Retype the whole listing exactly. Leave out pictures.

Given material:

● ● ●

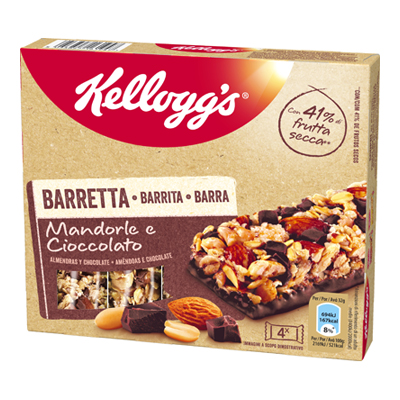 KELLOGG'S BARRETTE MANDORLE/CIOCCOLATO GR.32 X 4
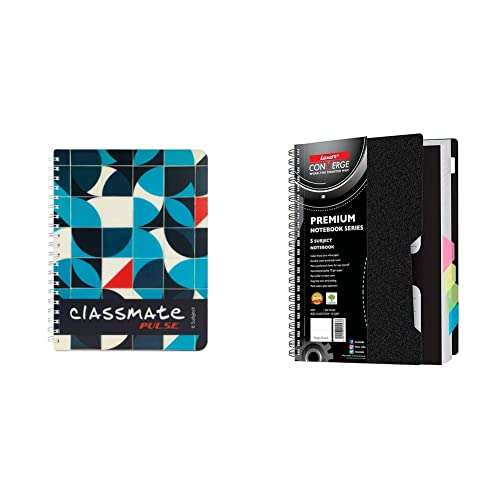 Classmate Premium 6 Subject Spiral Notebook - 203Mm X 267Mm, Soft Cover, 300 Pages, Unruled & Luxor 5 Subject Single Ruled Notebook - A4, 70 Gsm, 300 Pages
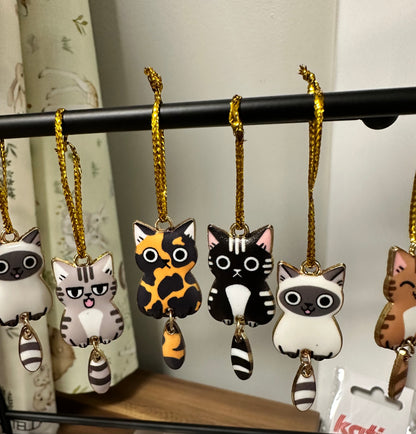 Enamel Cat Charms with Dangling Tails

● ● ●

Solved problem:
 KELLOGG'S BARRETTE MANDORLE/CIOCCOLATO GR.32 X 4
 Classmate Premium 6 Subject Spiral Notebook - 203Mm X 267Mm, Soft Cover, 300 Pages, Unruled & Luxor 5 Subject Single Ruled Notebook - A4, 70 Gsm, 300 Pages
 Enamel Cat Charms with Dangling Tails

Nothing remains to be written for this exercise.